NVIDIA Broadcast was taught to mimic the users gaze when

NVIDIA Broadcast was taught to mimic the user’s gaze when looking away – using AI and deepfake

The streaming software NVIDIA Broadcast received an interesting feature. The application can imitate the user’s gaze into the camera lens, even if they are looking in a completely different direction. The AI-powered eye contact feature replaces the image of the eyes by imitating them with a “gaze” aimed directly at the camera. True, it doesn’t always work properly.

    Image source: NVIDIA

Image source: NVIDIA

According to the developers, the eye contact function simplifies video recording and frees the user from having to look closely at the camera lens. So you can communicate with distant interlocutors, read irrelevant information or at the same time type text on the keyboard. NVIDIA claims that “simulated” eyes are the exact same color as real ones, plus support for turning off the feature if the user is looking too far away.

You can judge the quality of the function on the demo video: on the left a video of the camera without edited content, on the right the video of the neighboring camera after editing by NVIDIA transmission. It’s easy to see that eye contact is still not an entirely ideal solution – sometimes the eyes move haphazardly and the iris widens or narrows. If desired, you can see other defects. However, for an interlocutor who is not looking closely at the screen, the difference is not so noticeable.

In recent years, NVIDIA has been actively investing in machine learning technologies and artificial intelligence systems based on neural networks. The eye contact function is a clear confirmation of this.

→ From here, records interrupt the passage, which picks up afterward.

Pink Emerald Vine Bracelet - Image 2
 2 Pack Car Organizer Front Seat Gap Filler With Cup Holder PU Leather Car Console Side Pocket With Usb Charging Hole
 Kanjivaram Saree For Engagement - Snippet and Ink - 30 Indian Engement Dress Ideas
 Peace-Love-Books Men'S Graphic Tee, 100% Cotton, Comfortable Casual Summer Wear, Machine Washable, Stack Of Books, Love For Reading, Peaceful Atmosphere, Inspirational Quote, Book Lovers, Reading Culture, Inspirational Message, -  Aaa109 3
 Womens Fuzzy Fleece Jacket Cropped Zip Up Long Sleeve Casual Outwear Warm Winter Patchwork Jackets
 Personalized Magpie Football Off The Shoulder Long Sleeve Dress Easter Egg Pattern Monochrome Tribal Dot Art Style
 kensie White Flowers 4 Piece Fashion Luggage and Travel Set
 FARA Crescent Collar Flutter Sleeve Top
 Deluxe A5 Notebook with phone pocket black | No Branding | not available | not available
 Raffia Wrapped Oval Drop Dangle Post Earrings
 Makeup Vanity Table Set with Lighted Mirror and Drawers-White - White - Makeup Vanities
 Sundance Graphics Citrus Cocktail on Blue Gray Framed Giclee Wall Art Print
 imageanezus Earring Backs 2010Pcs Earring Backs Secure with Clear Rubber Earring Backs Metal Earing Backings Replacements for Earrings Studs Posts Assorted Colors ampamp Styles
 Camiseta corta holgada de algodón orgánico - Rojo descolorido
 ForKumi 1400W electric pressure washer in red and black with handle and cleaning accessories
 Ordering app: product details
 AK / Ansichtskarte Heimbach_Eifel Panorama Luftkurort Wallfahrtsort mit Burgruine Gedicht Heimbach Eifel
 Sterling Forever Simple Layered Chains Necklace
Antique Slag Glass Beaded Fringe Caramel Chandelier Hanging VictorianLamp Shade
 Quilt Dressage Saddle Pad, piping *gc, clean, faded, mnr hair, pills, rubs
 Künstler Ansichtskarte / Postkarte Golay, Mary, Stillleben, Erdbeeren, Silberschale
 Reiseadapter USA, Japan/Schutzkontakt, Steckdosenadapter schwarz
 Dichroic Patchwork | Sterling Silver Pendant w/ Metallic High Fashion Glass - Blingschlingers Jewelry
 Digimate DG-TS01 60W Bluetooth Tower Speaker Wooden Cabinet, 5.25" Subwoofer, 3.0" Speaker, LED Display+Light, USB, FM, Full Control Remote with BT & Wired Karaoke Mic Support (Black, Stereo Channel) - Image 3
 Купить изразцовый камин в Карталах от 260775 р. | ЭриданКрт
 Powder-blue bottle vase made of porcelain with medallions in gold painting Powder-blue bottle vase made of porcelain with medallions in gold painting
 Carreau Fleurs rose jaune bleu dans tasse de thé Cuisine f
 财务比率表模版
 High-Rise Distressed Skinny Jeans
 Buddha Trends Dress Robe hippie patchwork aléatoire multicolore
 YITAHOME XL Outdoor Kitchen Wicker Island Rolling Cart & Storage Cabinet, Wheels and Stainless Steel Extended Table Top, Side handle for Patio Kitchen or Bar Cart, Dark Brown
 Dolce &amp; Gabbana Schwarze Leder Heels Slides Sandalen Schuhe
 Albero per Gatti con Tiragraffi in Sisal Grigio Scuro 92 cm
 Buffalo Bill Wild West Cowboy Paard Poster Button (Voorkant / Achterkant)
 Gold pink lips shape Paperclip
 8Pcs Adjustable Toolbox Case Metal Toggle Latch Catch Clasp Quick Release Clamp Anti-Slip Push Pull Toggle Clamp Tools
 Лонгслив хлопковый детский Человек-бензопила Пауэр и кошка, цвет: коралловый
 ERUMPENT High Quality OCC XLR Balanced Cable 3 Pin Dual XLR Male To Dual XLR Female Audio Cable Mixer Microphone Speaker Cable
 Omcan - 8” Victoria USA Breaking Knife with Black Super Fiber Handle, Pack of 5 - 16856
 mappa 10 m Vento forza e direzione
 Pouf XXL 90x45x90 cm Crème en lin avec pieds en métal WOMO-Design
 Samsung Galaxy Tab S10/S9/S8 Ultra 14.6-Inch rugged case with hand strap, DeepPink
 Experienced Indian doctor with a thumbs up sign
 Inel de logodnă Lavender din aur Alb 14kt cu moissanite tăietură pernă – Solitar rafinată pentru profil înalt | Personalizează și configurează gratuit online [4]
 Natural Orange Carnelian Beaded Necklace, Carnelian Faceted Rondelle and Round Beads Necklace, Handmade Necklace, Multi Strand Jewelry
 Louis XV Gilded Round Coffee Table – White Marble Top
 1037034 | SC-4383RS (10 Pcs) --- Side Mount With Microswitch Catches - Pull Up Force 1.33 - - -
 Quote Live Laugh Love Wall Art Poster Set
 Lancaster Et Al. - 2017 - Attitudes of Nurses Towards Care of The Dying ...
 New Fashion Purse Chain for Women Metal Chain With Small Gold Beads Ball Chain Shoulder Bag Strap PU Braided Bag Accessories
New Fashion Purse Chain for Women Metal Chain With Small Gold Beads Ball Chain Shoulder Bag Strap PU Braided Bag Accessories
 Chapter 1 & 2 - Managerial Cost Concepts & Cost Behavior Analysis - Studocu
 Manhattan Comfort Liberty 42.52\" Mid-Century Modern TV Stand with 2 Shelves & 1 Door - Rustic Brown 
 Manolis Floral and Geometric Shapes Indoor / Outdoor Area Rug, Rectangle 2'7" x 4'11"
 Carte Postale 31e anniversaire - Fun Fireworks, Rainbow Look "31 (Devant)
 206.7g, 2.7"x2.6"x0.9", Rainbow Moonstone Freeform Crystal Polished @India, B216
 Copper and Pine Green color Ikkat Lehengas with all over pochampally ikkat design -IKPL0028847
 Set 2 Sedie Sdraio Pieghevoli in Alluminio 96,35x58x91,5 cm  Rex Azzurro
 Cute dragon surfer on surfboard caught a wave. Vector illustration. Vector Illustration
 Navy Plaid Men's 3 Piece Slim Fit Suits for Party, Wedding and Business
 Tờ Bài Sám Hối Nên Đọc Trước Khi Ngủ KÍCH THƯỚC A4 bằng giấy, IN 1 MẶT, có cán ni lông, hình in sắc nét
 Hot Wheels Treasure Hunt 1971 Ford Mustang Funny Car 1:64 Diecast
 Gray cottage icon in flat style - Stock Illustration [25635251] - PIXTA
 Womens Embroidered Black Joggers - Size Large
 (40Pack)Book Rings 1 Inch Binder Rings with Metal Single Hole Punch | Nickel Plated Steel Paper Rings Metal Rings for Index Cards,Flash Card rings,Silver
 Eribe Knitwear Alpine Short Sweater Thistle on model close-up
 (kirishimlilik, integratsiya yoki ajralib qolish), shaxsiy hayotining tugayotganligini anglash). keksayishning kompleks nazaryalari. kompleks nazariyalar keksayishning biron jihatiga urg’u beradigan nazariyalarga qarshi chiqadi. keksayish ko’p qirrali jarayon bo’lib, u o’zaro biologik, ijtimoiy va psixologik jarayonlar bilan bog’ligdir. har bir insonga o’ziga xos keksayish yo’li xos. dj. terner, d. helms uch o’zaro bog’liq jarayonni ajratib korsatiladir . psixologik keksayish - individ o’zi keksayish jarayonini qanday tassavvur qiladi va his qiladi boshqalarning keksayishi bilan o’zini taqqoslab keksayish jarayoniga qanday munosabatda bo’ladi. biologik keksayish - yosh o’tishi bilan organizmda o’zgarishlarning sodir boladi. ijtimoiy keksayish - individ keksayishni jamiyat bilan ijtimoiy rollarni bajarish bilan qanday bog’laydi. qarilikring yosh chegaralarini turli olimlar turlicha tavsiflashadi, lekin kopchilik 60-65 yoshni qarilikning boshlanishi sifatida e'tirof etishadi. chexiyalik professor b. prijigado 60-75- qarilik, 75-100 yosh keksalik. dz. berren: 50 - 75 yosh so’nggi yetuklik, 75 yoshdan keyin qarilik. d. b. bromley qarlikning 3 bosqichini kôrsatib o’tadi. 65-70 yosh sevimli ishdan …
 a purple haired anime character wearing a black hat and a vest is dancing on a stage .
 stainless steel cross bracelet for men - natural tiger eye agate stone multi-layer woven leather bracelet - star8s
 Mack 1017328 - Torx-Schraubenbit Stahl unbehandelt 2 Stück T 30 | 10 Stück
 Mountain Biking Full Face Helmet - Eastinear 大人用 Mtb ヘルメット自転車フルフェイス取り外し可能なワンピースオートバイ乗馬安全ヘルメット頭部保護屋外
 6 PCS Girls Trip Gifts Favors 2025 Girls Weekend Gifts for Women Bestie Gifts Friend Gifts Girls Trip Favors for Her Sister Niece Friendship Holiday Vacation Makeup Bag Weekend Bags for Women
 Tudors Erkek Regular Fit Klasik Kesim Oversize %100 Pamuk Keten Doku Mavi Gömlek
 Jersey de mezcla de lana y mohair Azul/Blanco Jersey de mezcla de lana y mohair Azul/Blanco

In addition to Eye Contact, other features and capabilities have been implemented in NVIDIA Broadcast. Among them: new effects such as vignettes as well as tools for blurring, replacing or removing the background in the video. In order to work with the software solution, you must have an NVIDIA GeForce RTX graphics card on your computer.

About the author

Robbie Elmers

Robbie Elmers is a staff writer for Tech News Space, covering software, applications and services.